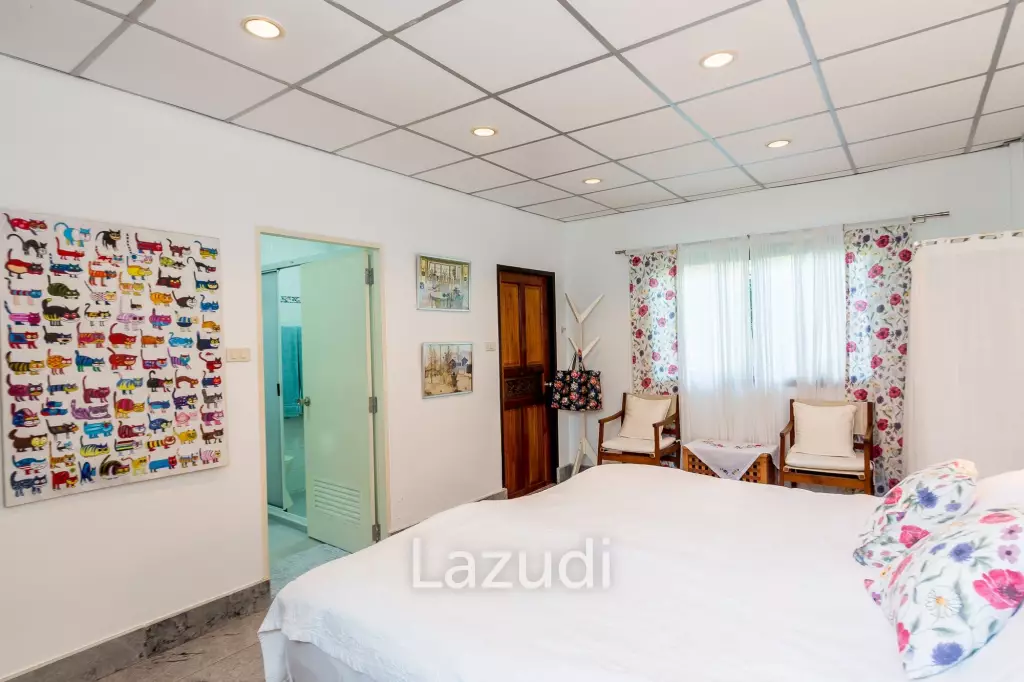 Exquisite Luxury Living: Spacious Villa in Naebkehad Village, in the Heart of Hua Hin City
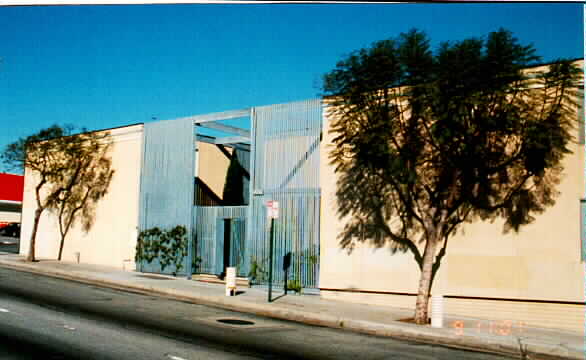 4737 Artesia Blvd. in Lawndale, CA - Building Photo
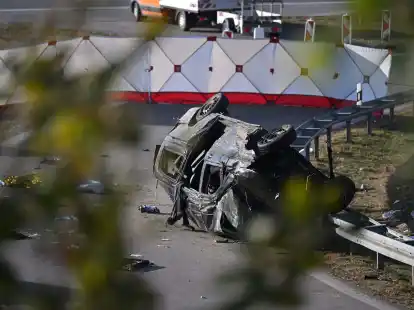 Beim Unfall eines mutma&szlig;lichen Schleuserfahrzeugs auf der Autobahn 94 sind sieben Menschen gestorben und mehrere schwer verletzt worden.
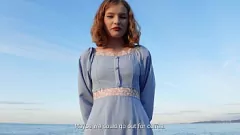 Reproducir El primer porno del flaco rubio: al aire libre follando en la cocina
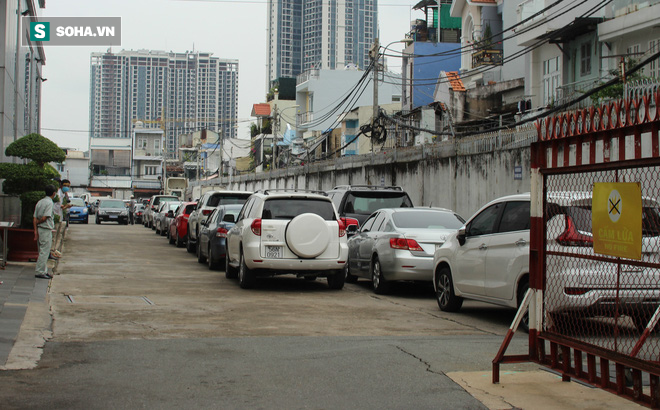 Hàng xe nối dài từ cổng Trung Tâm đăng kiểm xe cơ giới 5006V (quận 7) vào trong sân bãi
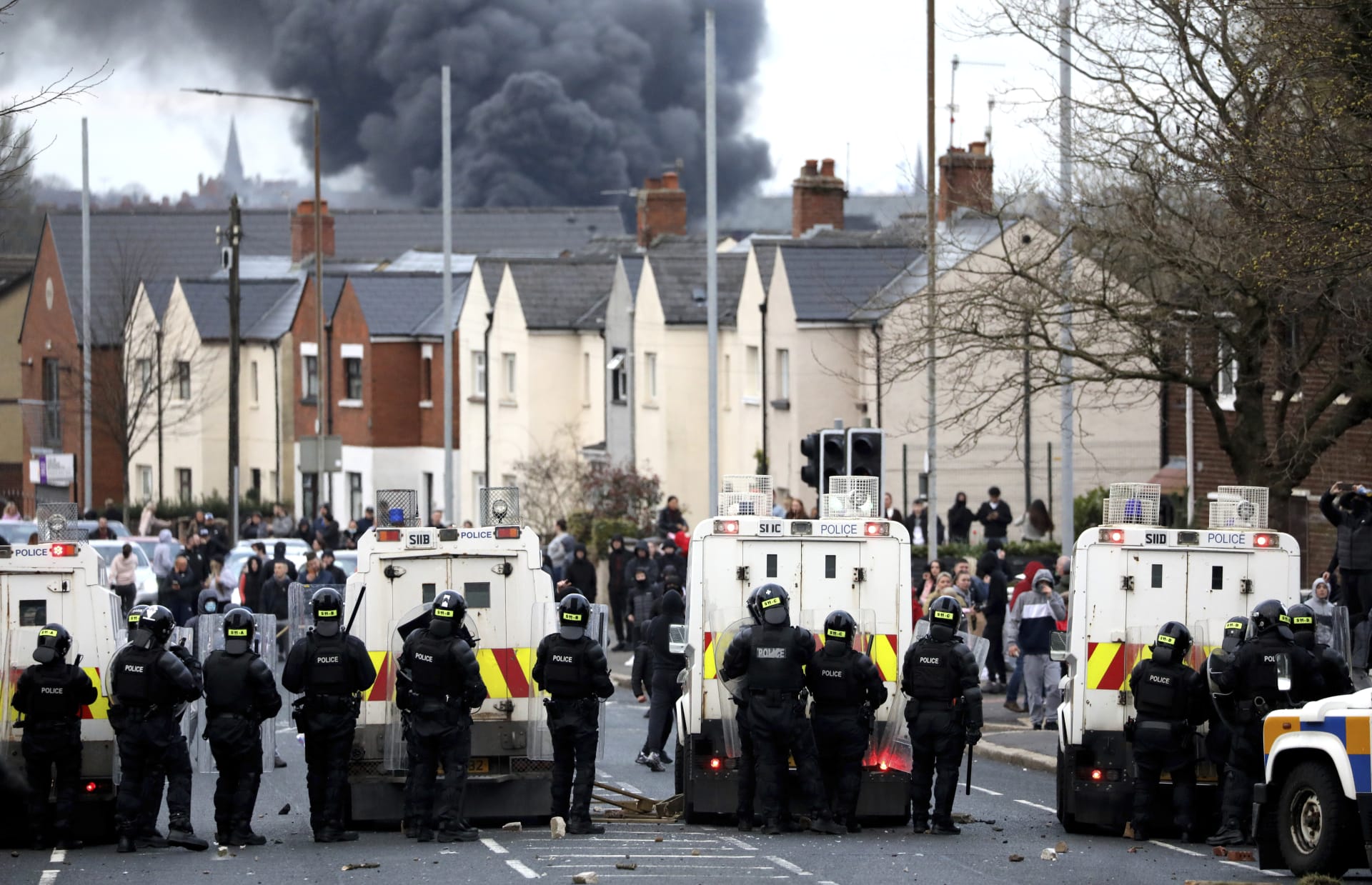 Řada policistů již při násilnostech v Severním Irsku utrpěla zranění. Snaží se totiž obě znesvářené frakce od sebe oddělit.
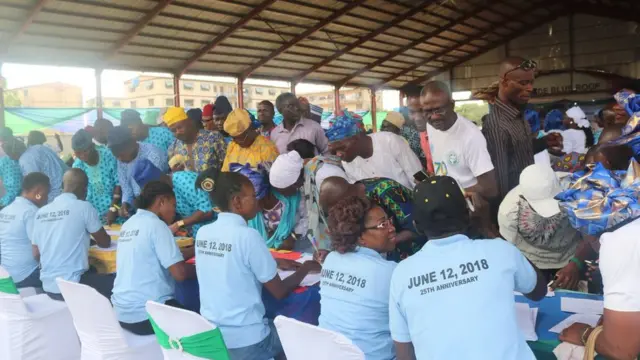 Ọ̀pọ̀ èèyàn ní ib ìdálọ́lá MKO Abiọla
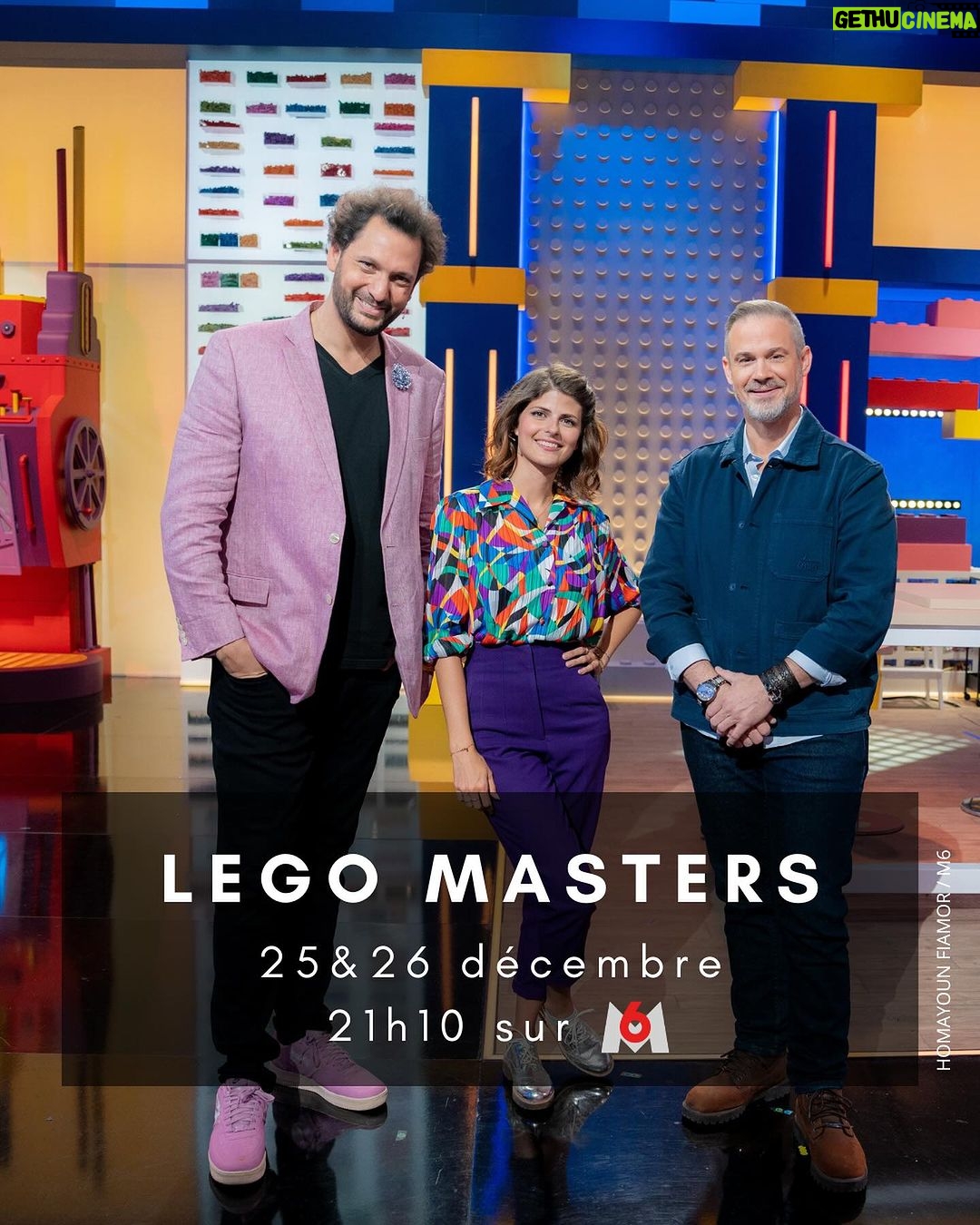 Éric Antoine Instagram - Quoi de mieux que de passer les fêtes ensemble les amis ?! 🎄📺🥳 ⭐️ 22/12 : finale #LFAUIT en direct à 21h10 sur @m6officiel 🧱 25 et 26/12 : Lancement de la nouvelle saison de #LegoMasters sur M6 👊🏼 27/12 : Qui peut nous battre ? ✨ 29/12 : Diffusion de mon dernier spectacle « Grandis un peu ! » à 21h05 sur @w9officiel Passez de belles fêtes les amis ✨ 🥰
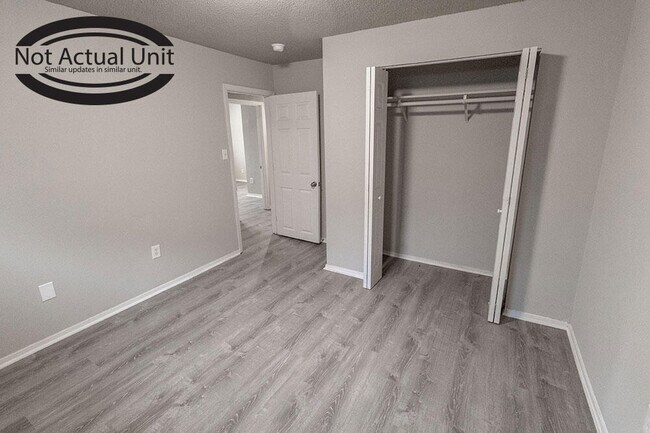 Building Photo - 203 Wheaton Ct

::::::

- [ASSIGNMENT]: What is needed is an exact copy of the lines from the start of the listing above through the line that holds "Ọ̀pọ̀ èèyàn ní ib ìdálọ́lá MKO Abiọla", with the pictures left out.

- [RESULT OF THE TASK]:
 Exquisite Luxury Living: Spacious Villa in Naebkehad Village, in the Heart of Hua Hin City
 4737 Artesia Blvd. in Lawndale, CA - Building Photo
 Beim Unfall eines mutma&szlig;lichen Schleuserfahrzeugs auf der Autobahn 94 sind sieben Menschen gestorben und mehrere schwer verletzt worden.
 Reproducir El primer porno del flaco rubio: al aire libre follando en la cocina
 Hàng xe nối dài từ cổng Trung Tâm đăng kiểm xe cơ giới 5006V (quận 7) vào trong sân bãi
 Řada policistů již při násilnostech v Severním Irsku utrpěla zranění. Snaží se totiž obě znesvářené frakce od sebe oddělit.
 Ọ̀pọ̀ èèyàn ní ib ìdálọ́lá MKO Abiọla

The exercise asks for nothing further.